FED AND ECB DELIVER AS EXPECTED BUT MARKETS STILL NERVOUS OF FURTHER HIKES

  • FED AND ECB DELIVER AS EXPECTED BUT MARKETS STILL NERVOUS OF FURTHER HIKES

    FED AND ECB DELIVER AS EXPECTED BUT MARKETS STILL NERVOUS OF FURTHER HIKES

    Data Sourced from FE Analytics, and Bloomberg Finance LP

    FED AND ECB DELIVER AS EXPECTED BUT MARKETS STILL NERVOUS OF FURTHER HIKES

    This week the Federal Reserve and European Central Bank delivered rate hikes as expected. By stating that rate decisions will be determined by the data, the outcome of these meetings was effectively settled some weeks ago. A more interesting topic is where rates go from here. There has been speculation about whether this is the end of the road for rate hikes in the US and Europe. However, the strong US GDP numbers and cooling EU data means this remains a live issue. US treasury yields were unmoved by Wednesday’s decision but climbed after the GDP numbers yesterday.

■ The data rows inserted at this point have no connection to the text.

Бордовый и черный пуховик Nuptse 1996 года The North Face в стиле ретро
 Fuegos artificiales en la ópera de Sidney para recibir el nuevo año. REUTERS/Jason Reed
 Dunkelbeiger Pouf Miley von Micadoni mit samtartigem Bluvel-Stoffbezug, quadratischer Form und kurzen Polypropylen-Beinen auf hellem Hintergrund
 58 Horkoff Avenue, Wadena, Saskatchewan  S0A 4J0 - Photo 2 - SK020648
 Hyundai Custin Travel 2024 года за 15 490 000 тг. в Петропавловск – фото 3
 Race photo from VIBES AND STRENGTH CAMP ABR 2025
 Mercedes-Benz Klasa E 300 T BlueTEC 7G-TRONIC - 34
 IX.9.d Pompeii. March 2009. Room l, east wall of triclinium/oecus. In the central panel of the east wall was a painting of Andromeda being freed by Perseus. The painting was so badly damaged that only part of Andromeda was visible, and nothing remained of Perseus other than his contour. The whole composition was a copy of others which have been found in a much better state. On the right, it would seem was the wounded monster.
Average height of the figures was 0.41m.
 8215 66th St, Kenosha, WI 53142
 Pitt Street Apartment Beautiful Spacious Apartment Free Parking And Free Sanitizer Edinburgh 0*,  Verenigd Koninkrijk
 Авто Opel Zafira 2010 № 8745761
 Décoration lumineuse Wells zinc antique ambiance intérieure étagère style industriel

    Only a few months ago, the ECB was widely seen as having further to go to tame inflation but cooling European economies means markets now expect US and European rates to peak at roughly the same point. Next week it is the turn of the Bank of England. Markets still see the UK as the outlier and are predicting rates will soon overtake the US and peak at a higher level. Sticking to the data-driven narrative gives central bankers room to manoeuvre if the environment changes. But this also allows room for markets to be caught out if surprising data demands a response.

    RATES: US AND EUROPEAN CENTRAL BANKS STICK TO THE SCRIPT

    The Federal Reserve and European Central Bank both delivered a 0.25% interest rate hike in line with expectations. The increase from the US Fed followed its decision to hold rates last month, but strong employment and retail spending plus sticky core inflation meant this week’s additional hike was no surprise. The ECB is slightly behind the Fed in its hiking cycle and it was also widely tipped for another hike as employment also remains very strong in the EU. The lack of surprises meant markets remained very calm, with US and European bond yields almost unchanged.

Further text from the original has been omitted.